The continued headaches and high prices associated with ocean shipping and over-the-road trucking have led to more localized scrap transactions, sources say.
Describing ocean shipping in early February, one trader for a scrap processing company with operations in the Southeast says, “Availability is not an insurmountable challenge, [but] rates change from week to week and month to month.”
“Logistics is the story of stories,” a trader who works on the West Coast for a brokerage firm that is based on the East Coast, says. “The scrap is there, but it is stuck and sitting around. The movement of metal is the bottleneck.”
He says red metals scrap generation “is the best it has been over the last couple of years.” The West Coast-based trader adds that he believes supply matches demand, but pricing is artificially inflated because of logistics.

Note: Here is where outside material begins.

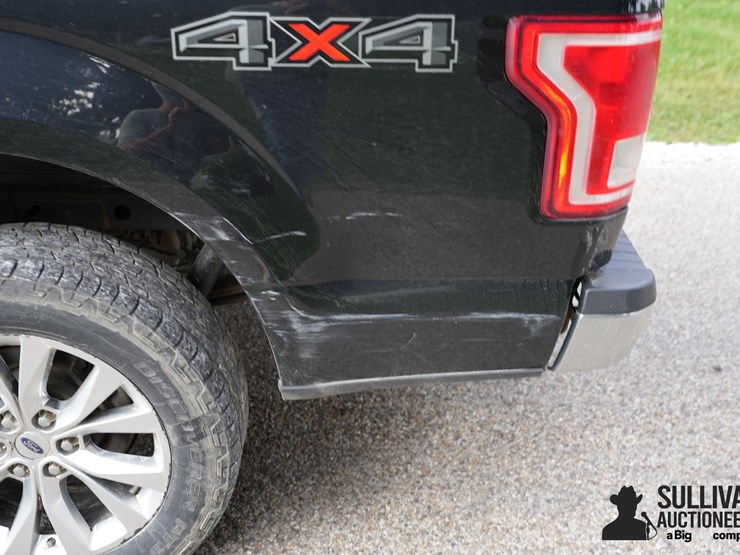 run-#44---2016-ford-f150-xlt-crew-cab-4x4-pickup-image-16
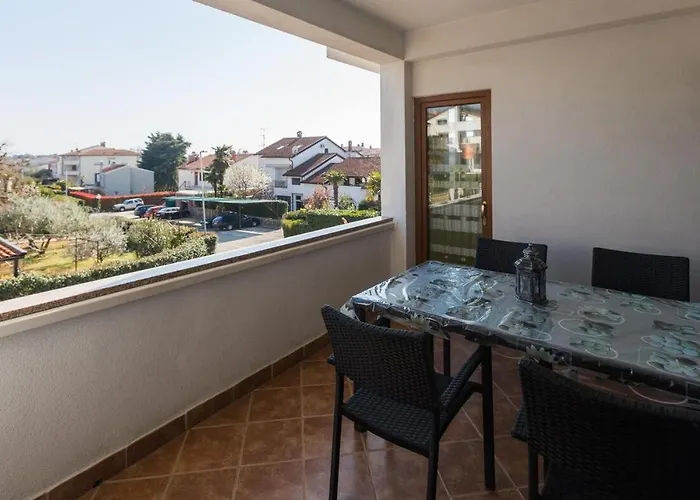 Spacious New App For 5 Persons, Close Beach&city Πόρετς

“The push and pull between dollars is ending up in the transportation camp,” he adds.
While overseas buyers have been able to compete on some secondary aluminum grades, the trader in the Southeast says prices for mill grade scrap are outside their reach.
“There continues to be a very large spread between consumers of the same commodity,” the trader in the Southeast says. “Some are more aggressive and some are sitting on the sidelines. There continues to be widely varying prices for the same commodity on a given day.” He adds that this situation is most prominent in aluminum scrap but that it also applies to copper and brass scrap.
“I think the inconsistency is going to continue to linger,” he says of demand for mill-grade aluminum scrap versus secondary grades. “Aluminum will be a very bullish market, especially on the mill-grade side. Market pricing will stay strong. But there will continue to be a lot of variation in demand between consumers.”
When it comes to red metals scrap, the trader in the Southeast says export pricing will remain inconsistent. He says most of the domestic mills will work to ensure they don’t overextend themselves on scrap purchasing and pricing.
A number of investments to consume more aluminum and copper scrap within the U.S. have been announced recently, with one of the most recent being Atlanta-based Novelis’ plans to invest $365 million to build a recycling center next to its automotive finishing plant in Guthrie, Kentucky. With annual casting capacity of 240,000 tons of sheet ingot, the company says it expects the facility to reduce its carbon emissions by more than 1 million tons annually while also allowing it to grow its closed-loop-recycling programs with North American automotive customers.
Beatriz Landa, vice president of metal procurement and recycling for Novelis North America, says the company’s investment to produce its own recycled-content automotive aluminum ingots will allow Novelis to become “more sustainable and more independent in the market.”
The site will use a combination of production scrap that it will secure through closed loop agreements with the original equipment manufacturers (OEMs) that Novelis supplies as well as obsolete scrap.
When it comes to obsolete scrap, Landa says Novelis is developing innovative sorting technologies for use at the site “that will help us to get all this very odd, very mixed scrap sorted out and cleaned up.” This will allow the company to use the twitch and zorba grades that traditionally are used by secondary aluminum producers.
“I think the more domestic competition [for scrap], and more competition generally, the better,” the trader in the Southeast says. “All things being equal, people want to keep material domestic.”